Computer-Aided Analysis of Gland-Like Subsurface Hyposcattering Structures in Barrett’s Esophagus Using Optical Coherence Tomography

Abstract

(1) Background: Barrett’s esophagus (BE) is a complication of chronic gastroesophageal reflux disease and is a precursor to esophageal adenocarcinoma. The clinical implication of subsurface glandular structures of Barrett’s esophagus is not well understood. Optical coherence tomography (OCT), also known as volumetric laser endomicroscopy (VLE), can assess subsurface glandular structures, which appear as subsurface hyposcattering structures (SHSs). The aim of this study is to develop a computer-aided algorithm and apply it to investigate the characteristics of SHSs in BE using clinical VLE data; (2) Methods: SHSs were identified with an initial detection followed by machine learning. Comprehensive SHS characteristics including the number, volume, depth, size and shape were quantified.
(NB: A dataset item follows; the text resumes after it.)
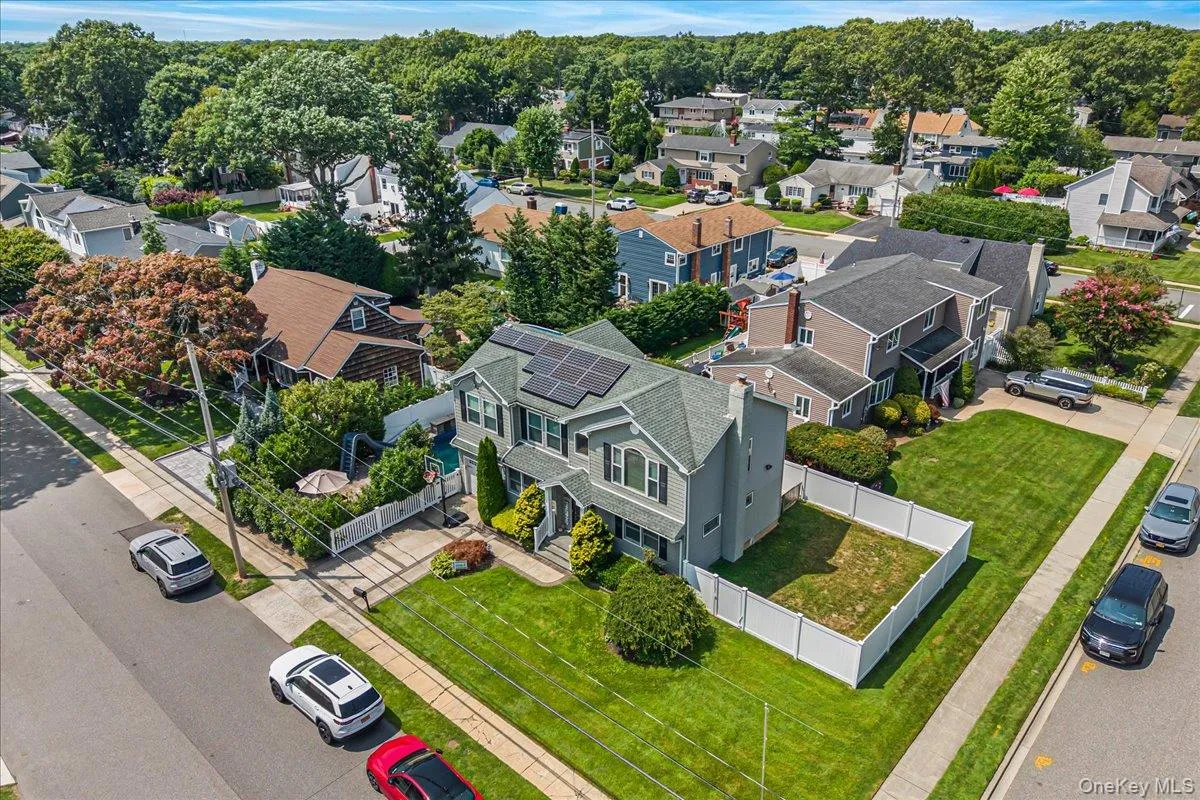49 Brendan Avenue, Oyster Bay, NY, 5 Bedrooms Bedrooms, 8 Rooms Rooms,3 BathroomsBathrooms,Residential,For Rent,Brendan,0,1035146 49 Brendan Avenue, Oyster Bay, NY, 5 Bedrooms Bedrooms, 8 Rooms Rooms,3 BathroomsBathrooms,Residential,For Rent,Brendan,0,1035146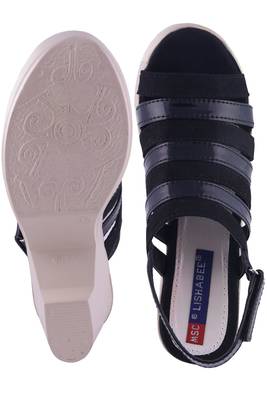 Women  Black back strap block heel sandals 5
Clinical VLE datasets collected from 35 patients with a history of dysplasia undergoing BE surveillance were analyzed to study the general SHS distribution and characteristics in BE. A subset of radiofrequency ablation (RFA) patient data were further analyzed to investigate the pre-RFA SHS characteristics and post-RFA treatment response; (3) Results: SHSs in the BE region were significantly shallower, more vertical, less eccentric, and more regular, as compared with squamous SHSs. SHSs in the BE region which became neosquamous epithelium after RFA were shallower than those in the regions that remained BE. Pre-ablation squamous SHSs with higher eccentricity correlated strongly with larger reduction of post-ablation BE length for less elderly patients; (4) Conclusions: The computer algorithm is potentially a valuable tool for studying the roles of SHSs in BE.